An analysis by the RAC Foundation found that the number of substandard road bridges managed by councils across the country has fallen slightly over the past year.
Local authorities in England, Scotland and Wales have identified 3,061 bridges – defined as structures over 1.5 m in span – as being substandard. This was 4.2% down on the 3,194 figure twelve months earlier.
The 3,061 substandard bridges make up 4.3% of the total of 71,505 bridges the 203 councils manage between them.
The RAC, however, warned that the recent flooding risks reversing this trend.
The RAC’s analysis is based on freedom of information responses from 203 of the 210 local highways authorities in Britain.
It estimates that the cost to bring all the substandard bridges back up to perfect condition is £1.12bn and the one-time cost to clear the maintenance backlog on all 71,505 bridges is an estimated £5.55bn.
Both of these figures are down from last year’s estimates of £1.17bn and £6.5bn respectively.
Councils told the RAC they would ideally want to bring 2,084 (68%) of the 3,061 substandard bridges back up to full carrying capacity.
However, budget restrictions mean they anticipate that only 359 of these will have the necessary work carried out on them within the next five years.
Steve Gooding, director of the RAC Foundation, said: ‘The condition of the bridges that carry our roads is a canary-in-a-coal-mine indicator for the health of the highway network as a whole.
‘While our survey shows a marginal year-on-year improvement, it still reveals that while the number of structures highway authorities expect to bring up to standard in the next five years is in the hundreds, the number they’d like to restore to manage traffic demand is in the thousands.’

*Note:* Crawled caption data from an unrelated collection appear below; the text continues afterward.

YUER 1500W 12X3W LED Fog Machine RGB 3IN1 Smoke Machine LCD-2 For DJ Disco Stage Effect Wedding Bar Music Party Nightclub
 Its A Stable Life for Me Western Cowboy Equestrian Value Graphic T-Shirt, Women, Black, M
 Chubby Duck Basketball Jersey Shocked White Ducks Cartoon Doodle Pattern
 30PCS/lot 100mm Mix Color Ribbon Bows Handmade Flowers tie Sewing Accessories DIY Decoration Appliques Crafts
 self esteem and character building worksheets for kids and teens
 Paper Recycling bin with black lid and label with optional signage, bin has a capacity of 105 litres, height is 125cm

Responding to the report, Cllr David Renard, the Local Government Association’s (LGA) transport spokesman, said that there was a ‘chronic need for more investment in local roads.’
‘The backlog of repairs on our existing highways infrastructure as a whole currently stands at over £9bn and it would take 10 years to fix,’ Cllr Renard.
‘Flooding events in recent weeks have shown how vital bridges are in linking together communities and enabling shoppers and local traders to go about their business and they are of critical importance to our national economy.’
‘Long-term investment would allow councils to ensure that our roads and highways infrastructure continue to connect our businesses and communities,’ he continued.
‘We are calling on the Government to use the Budget to reinvest the equivalent of 2 pence per litre of existing fuel duty into local roads maintenance, which would generate £1bn a year for councils to spend on making our roads and bridges more resilient to extremes of weather and day-to-day use.’